Bajo la dirección del arquitecto Nicolás Sidorkovs –estudioso e insigne maquetista de históricas salas de cine de Caracas–, los nuevos propietarios del viejo edificio del Waldorf asumieron ampliarlo hasta la esquina Puente Anauco y elevar la estructura para sumar habitaciones de acuerdo con parámetros de alta hotelería. Las obras avanzaron de acuerdo con sofisticadas técnicas de demolición de interiores y de reconstrucción, con aumento considerable del metraje. Fue tal el eficiente uso de procedimientos de actualizadísima ingeniería que, hasta el último momento, los desprevenidos transeúntes nunca se percataron de los cambios. El propósito era dar otro aire al hotel sin perder su calificación de cinco estrellas cercano al centro histórico de la capital. La renovación alcanzó tal punto que puede afirmarse que insertó en la zona algo nuevo, contemporáneo en el estricto sentido de la expresión. El remozamiento del Waldorf ha sido un trabajo marcador de otros pasos de transformación de La Candelaria. El promotor inmobiliario Salomón Cohen había agregado un Sambil, de desdichada suerte, tras los pasos de otras construcciones como el Centro Comercial Galerías Ávila; además del cambio de fisonomía de los edificios próximos a la esquina de Urapal, frente al Banco Exterior, que otrora ocuparon las oficinas de la línea aérea Pan American, la Contraloría Municipal y, al comienzo de la Andrés Bello y de la salida oeste de San Bernardino, la Contraloría General de la República. Igual suerte corrieron el viejo Casabera –de los Beracasa–, en tanto la Casa de Italia –proyecto modernista del arquitecto Doménico Filipone materializado en los años cincuenta– permanece idéntica.

VII

En su historia de la hostelería caraqueña, Sidorkovs señala que nuestra modernidad tiene su punto de partida en el estilo americano. Todo comienza cuando Nelson Rockefeller desarrolla el Hotel Ávila de San Bernardino, abierto en 1942. El magnate se planteó aquel hospedaje en función del turismo, pero también de la industria petrolera. Para llevar a cabo su proyecto contó con el arquitecto del famoso conjunto de edificios Rockefeller Center de Nueva York: Mr. Wallace Harrison. La misma percepción de necesidad de alojamientos decentes y confortables favoreció construir, y abrir en 1944, el Waldorf; en 1948, el Hotel Potomac y, dos años más tarde, el Hotel Astor levantado frente a la plaza La Estrella.

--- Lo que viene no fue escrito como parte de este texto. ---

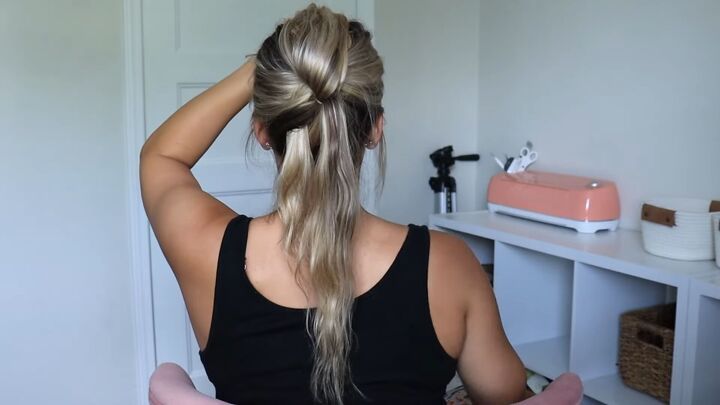 5 unique ponytails you can easily make with the topsy tail tool, Tying the ends with a clear elastic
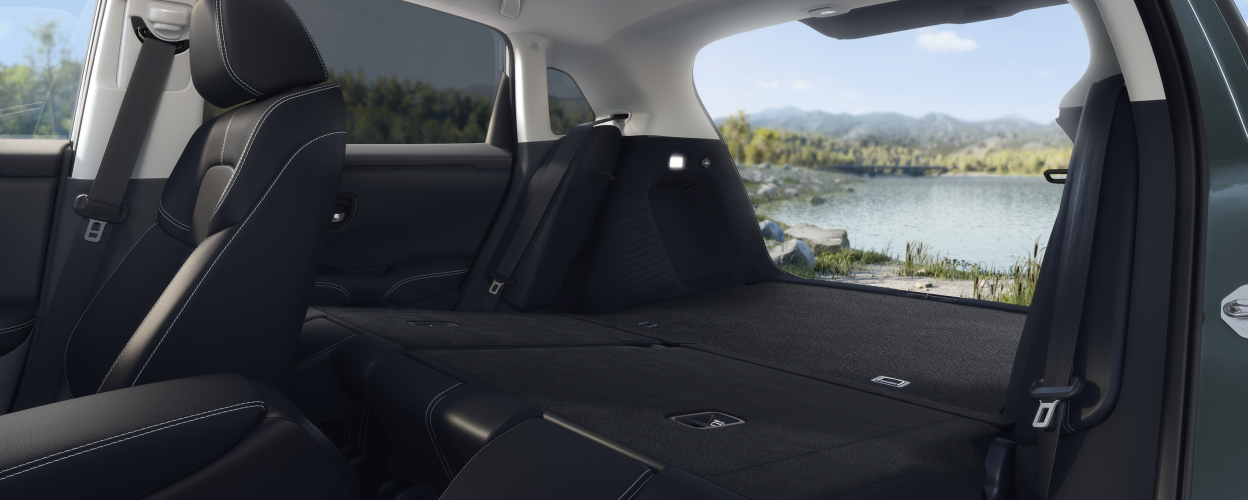 Wide view of a folded-down back seat and open tailgate, showcasing the cargo space in an HR-V. Lake in the background.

La ubicación en San Bernardino de la sede principal de la compañía Shell justificó tales hospedajes, que incluían bares tipo americano cercanos al Edificio Creole en la plaza Morelos, inaugurado a comienzos de la década de 1950.

Muy cerca de donde se construyó el Waldorf, al costado sur de la antigua iglesia de La Candelaria (abierta en 1701) y al sureste de la plaza del mismo nombre, se levantó el Edificio París, otro ícono de la modernidad caraqueña. Imposible obviar que frente al Hotel Waldorf, en un edificio de finales de los años cuarenta –dos plantas, poco fondo y unos treinta metros de largo–, estuvo la famosa Librería Soberbia fundada por el ilustre Isaac Pardo y sus hermanas, en cuya stock siempre hubo bastante cultura francesa. Al lado de Soberbia funcionaba el almacén de ultramarinos de Monsieur Curielespecializado en bebidas y gastronomía europeas.

VIII

A finales de la década del treinta, huyendo de la guerra, llega a Caracas el austriaco Federico Schlesinger. De inmediato se emplea como repartidor de la naciente Pastelería La Vienesa. Luego se abre camino como gerente y operador hotelero, primero del Potomac –propiedad de la familia Atencio–, después del Waldorf. Don Federico –cuyo Cadillac El Dorado adornaba desde el mediodía la puerta de su hotel– organiza y gestiona el restorán El Encantado. Hombre visionario y dadivoso, Schlesinger representa un valor inestimable entre nuestros hosteleros del siglo XX. Mientras regentaba los comedores del Círculo Militar de Caracas, el general Charles De Gaulle viene a la ciudad en visita oficial. Don Federico facilita su Murillo –el del Waldorf– para realzar la suite donde alojan al presidente de Francia y logra, además, que los encargados de protocolo consientan que sea de guanábana la tarta servida como postre en la cena de gala.